In Israel, not everyone loves the Beitar deal. Some fans threatened Hogeg and staged protests. A Beitar supporter claimed on Israeli television that the agreement would allow the UAE to exercise political influence in Jerusalem. David Rosenthal, sports editor on the Israeli website Walla! News wrote that Hogeg was mainly trying to breathe new life into a team suffering from poor performance and declining attendance.
The deal's biggest hurdle, however, is uncertainty about the financial details: Israeli anti-money laundering experts have already warned of red flags emerging from the deal and raised questions about the source of Sheikh Hamad's finances.
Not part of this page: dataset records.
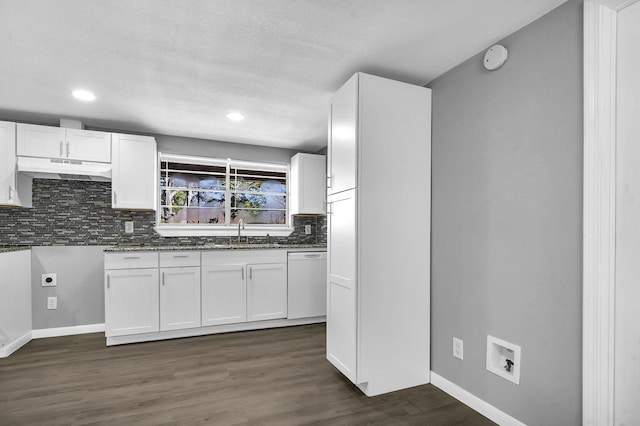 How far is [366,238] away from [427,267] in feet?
1.83

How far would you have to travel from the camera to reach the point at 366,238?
7.36ft

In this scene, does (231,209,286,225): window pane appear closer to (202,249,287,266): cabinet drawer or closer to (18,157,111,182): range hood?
(202,249,287,266): cabinet drawer

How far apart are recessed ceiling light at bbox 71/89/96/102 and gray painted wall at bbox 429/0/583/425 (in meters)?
2.81

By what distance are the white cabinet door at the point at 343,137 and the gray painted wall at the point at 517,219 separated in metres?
0.64

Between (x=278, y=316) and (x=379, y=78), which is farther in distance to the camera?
(x=278, y=316)

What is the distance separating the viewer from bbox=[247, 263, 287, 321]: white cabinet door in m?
3.70

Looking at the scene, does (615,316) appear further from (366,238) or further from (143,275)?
(143,275)

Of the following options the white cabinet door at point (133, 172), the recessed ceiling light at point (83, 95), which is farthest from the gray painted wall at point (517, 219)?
the white cabinet door at point (133, 172)

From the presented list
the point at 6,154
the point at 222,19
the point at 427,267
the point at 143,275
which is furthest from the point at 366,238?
the point at 6,154

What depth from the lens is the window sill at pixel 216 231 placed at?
3.98m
Sheikh Hamad is a little-known member of the Emirates royal family. His holding HBK's website lists companies from agritech to mining to telecommunications equipment. HBK has partnered with cryptocurrency startup GoChain to set up smart greenhouses in the UAE. The holding company has also partnered with Polish cryptocurrency entrepreneur Roman Ziemian, who has been accused of corruption by Polish authorities.
Hogeg bought Beitar in 2018 for $ 7.2 million and its debt and said he would take it on a "new path," including ending its discriminatory hiring policy. But Hogeg, himself a cryptocurrency entrepreneur, is the target of several fraud lawsuits related to its cryptocurrency ventures. A 2019 federal court lawsuit in Washington state accused Hogeg and his start-up Stox Technologies of fraud, breach of contract and using proceeds from the sale of crypto tokens to fund the acquisition of Beitar and a donation to Tel University Aviv.
A spokesman for the Israel Football Association (IFA) said the organization gave Beitar a list of questions and clarification requests regarding the deal at a December 31 meeting. Following the January 6 convocation, IFA released a statement that it could not yet approve the change of ownership because it had not received the information Beitar requested, but added that the review process would continue.
The organization employs a prominent Israeli financial investigator, Megiddo Financial Intelligence, to conduct due diligence. When asked whether the IFA was looking into the possibility of a straw buyer, spokeswoman Shlomi Barzel told Foreign Policy that the IFA was looking at "everything necessary and possible" and predicts that a final decision will be made within two weeks.
The Hogeg and Sheikh Hamad spokesmen did not respond to requests for comment.
If the deal is approved, it is unclear whether Beitar's most ardent supporters would remain loyal. La Familia was also active in right-wing politics, gathering once on behalf of an Israeli soldier convicted of the wrongful killing of a Palestinian who had already been shot and subjugated.
“In Israel, every football is political. In a strange way, this club has made the idea of being a non-Arab or non-Muslim club part of their identity, ”said Maya Zinshtein, a journalist who has opposed an Emmy-winning documentary about Beitar fans and their campaign 2013 produced setting of the Chechen players.
La Familia's campaign at the time damaged the team's image and reduced its revenue – but it made the fan club better known on the Israeli right, she said. "La Familia has this tremendous power in the fan base that they have translated into politics."
Mohammed Baharoon, a Dubai Public Policy Research Center official, said Sheikh Hamad's property offering was a "brave" effort to build influence and bridges in the region, especially given the team's racist history.
“I have to say that the choice of clubs surprised me a bit. … It's the toughest challenge, ”he said. "Across the region, investing in football clubs has always been seen as a means of communication, cultural bridges and soft power."